The review also briefly assesses the GenCap system and the cluster approach with regard to the implementation processes.

The main body of the data was collected between July and October 2010. I visited Kenya and Haiti to study the operations related to the Somalian refugee camps in Dadaab and post-earthquake Port-au-Prince, respectively.

In addition to personal interviews in the field, I have conducted telephone interviews with selected members of staff and management representatives at headquarters. I have studied relevant documents, including programme and project proposals, training material, progress reports, newsletters and email correspondence. GenCap advisers have been invited to fill out a questionnaire about their work in different humanitarian operations, with different agencies. In addition, I have observed field officers in their daily work, to obtain some understanding of the contextual challenges that affect the way humanitarian assistance is delivered.
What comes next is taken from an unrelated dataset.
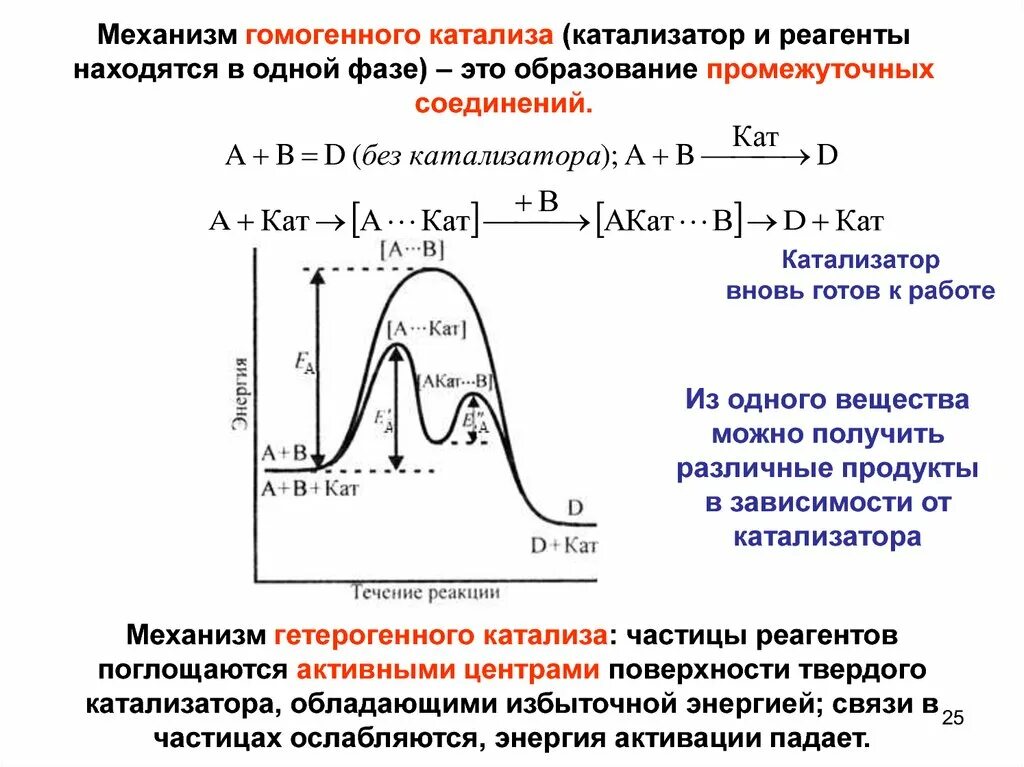 Механизм катализа. Механизм действия катализатора в химической реакции. Схема работы катализатора в химии. Механизм действия катализатора примеры реакции. Катализ гомогенный и гетерогенный катализаторы.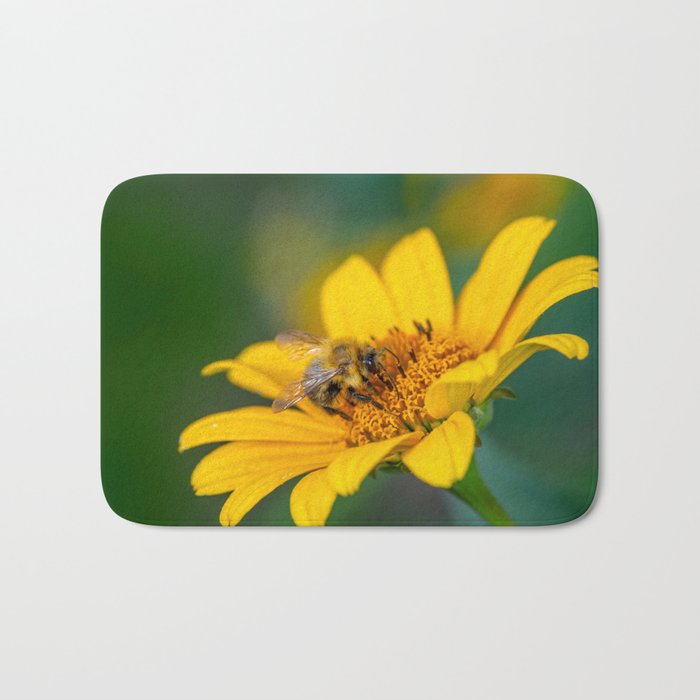 Bumblebee Collecting Nectar Macro Photography Bath Mat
The data are solely qualitative, and much of it in narrative style, which means they are challenging to process into ‘quick reference’ sets of results. My aim has been to capture what is actually taking place, with regard to the practical implementation of gender mainstreaming and targeted actions in humanitarian operations, rather than how the UN organisations or their staff wish to be perceived.

Findings indicate that while none of the reviewed organisations have fully integrated the Handbook in their humanitarian work and responses, all are in the process of implementing standards and principles of similar or comparable quality. Staff relate almost exclusively to their own organisation’s gender policies, handbooks and guidelines for capacity building, programme planning and field-level practices, with the Handbook e-learning course and the IASC Guidelines for Gender-based Violence Interventions in Humanitarian Settings as notable exceptions. What seem to be missing are functioning systems to ensure coherence and predictability in Gender mainstreaming and targeted actions (GMTA) at all organisational levels, and/or ownership to the Handbook as a common reference.

The clusters represent a systematic approach to ensure a more coherent delivery of gender sensitive emergency support by UN agencies. The Handbook and its standards can as such be seen to represent a common effort to put GMTA on UN’s humanitarian agenda, in which all participating agencies – through the IASC and the cluster-based coordination structure – are active stakeholders. Findings suggest, however, that most of the identified gender mainstreaming and targeted actions originate within the agencies rather than through cluster cooperation and contact.

The GenCap initiative comes across as an effective support in bringing IASC’s gender material more actively into the agencies’ humanitarian training, planning, and practices.
GenCap advisers also appear able to function as ‘agents’ who understand and know how to bridge IASC material and the agencies’ on-going activities in a given emergency operation. The number of GenCap advisers deployed is, however, fairly limited in relation to the scale of humanitarian operations worldwide.

Recommendations include a strengthened focus on ‘calibrating’ the individual agencies’ own policies and guidelines on GMTA – with the Handbook as a common reference, intensified encouragement of inter-agency and agency-partner communication on genderrelated issues, further roll-out of the Handbook e-learning course, a possible expansion of the GenCap capacity, and a new common training capacity on gender that provides career-meriting certification on gender-related competence.